§ **Exercise data**

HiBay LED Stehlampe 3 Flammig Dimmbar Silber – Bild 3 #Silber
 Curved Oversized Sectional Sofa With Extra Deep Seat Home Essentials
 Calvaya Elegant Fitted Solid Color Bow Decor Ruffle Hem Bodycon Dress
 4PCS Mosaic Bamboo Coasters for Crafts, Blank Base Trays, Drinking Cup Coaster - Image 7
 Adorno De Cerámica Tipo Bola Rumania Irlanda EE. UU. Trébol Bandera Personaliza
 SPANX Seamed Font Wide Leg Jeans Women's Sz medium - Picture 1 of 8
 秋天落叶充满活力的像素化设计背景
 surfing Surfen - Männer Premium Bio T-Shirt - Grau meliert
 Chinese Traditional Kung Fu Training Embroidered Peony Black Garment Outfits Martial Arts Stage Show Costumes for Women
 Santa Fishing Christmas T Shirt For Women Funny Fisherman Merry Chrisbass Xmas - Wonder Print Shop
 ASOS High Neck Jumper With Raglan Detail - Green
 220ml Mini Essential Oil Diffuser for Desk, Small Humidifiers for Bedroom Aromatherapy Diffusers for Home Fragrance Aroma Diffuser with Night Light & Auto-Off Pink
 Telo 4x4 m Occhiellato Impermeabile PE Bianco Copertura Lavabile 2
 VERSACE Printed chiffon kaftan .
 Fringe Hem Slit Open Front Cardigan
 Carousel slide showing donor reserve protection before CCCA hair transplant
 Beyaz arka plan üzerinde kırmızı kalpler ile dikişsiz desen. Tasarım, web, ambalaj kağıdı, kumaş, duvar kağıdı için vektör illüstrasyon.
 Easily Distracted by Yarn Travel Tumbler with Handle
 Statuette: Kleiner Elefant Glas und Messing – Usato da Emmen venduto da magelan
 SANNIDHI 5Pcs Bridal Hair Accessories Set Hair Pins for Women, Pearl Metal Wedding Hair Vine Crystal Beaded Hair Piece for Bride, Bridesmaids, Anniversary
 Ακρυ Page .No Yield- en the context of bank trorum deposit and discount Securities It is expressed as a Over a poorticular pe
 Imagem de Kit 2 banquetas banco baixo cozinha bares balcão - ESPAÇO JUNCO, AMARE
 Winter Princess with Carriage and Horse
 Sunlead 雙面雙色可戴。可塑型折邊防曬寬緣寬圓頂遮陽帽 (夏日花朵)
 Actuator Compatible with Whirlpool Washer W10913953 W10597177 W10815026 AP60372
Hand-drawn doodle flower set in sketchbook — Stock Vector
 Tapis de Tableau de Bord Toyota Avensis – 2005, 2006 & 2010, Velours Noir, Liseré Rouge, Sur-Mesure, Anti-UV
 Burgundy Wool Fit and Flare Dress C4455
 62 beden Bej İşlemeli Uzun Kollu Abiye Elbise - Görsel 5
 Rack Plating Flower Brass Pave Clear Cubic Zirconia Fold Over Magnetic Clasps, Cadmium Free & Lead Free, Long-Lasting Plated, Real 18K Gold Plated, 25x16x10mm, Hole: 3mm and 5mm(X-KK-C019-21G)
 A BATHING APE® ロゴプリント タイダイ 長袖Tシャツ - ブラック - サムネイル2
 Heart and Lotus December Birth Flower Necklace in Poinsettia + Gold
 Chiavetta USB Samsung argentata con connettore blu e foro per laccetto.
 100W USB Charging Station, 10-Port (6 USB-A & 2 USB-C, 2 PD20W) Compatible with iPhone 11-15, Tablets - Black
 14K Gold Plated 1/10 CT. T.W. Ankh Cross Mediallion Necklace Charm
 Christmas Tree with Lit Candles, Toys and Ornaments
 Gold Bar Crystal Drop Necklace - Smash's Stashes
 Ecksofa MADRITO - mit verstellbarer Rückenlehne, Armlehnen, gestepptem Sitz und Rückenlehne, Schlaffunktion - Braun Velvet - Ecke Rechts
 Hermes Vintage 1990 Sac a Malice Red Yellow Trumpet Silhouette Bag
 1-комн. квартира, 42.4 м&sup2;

§ **Exercise objective**
Only the lines above from the one with "Statuette: Kleiner Elefant" up to and including the one with "14K Gold Plated" should be repeated, exactly as written.

§ **Result below**
 Statuette: Kleiner Elefant Glas und Messing – Usato da Emmen venduto da magelan
 SANNIDHI 5Pcs Bridal Hair Accessories Set Hair Pins for Women, Pearl Metal Wedding Hair Vine Crystal Beaded Hair Piece for Bride, Bridesmaids, Anniversary
 Ακρυ Page .No Yield- en the context of bank trorum deposit and discount Securities It is expressed as a Over a poorticular pe
 Imagem de Kit 2 banquetas banco baixo cozinha bares balcão - ESPAÇO JUNCO, AMARE
 Winter Princess with Carriage and Horse
 Sunlead 雙面雙色可戴。可塑型折邊防曬寬緣寬圓頂遮陽帽 (夏日花朵)
 Actuator Compatible with Whirlpool Washer W10913953 W10597177 W10815026 AP60372
Hand-drawn doodle flower set in sketchbook — Stock Vector
 Tapis de Tableau de Bord Toyota Avensis – 2005, 2006 & 2010, Velours Noir, Liseré Rouge, Sur-Mesure, Anti-UV
 Burgundy Wool Fit and Flare Dress C4455
 62 beden Bej İşlemeli Uzun Kollu Abiye Elbise - Görsel 5
 Rack Plating Flower Brass Pave Clear Cubic Zirconia Fold Over Magnetic Clasps, Cadmium Free & Lead Free, Long-Lasting Plated, Real 18K Gold Plated, 25x16x10mm, Hole: 3mm and 5mm(X-KK-C019-21G)
 A BATHING APE® ロゴプリント タイダイ 長袖Tシャツ - ブラック - サムネイル2
 Heart and Lotus December Birth Flower Necklace in Poinsettia + Gold
 Chiavetta USB Samsung argentata con connettore blu e foro per laccetto.
 100W USB Charging Station, 10-Port (6 USB-A & 2 USB-C, 2 PD20W) Compatible with iPhone 11-15, Tablets - Black
 14K Gold Plated 1/10 CT. T.W. Ankh Cross Mediallion Necklace Charm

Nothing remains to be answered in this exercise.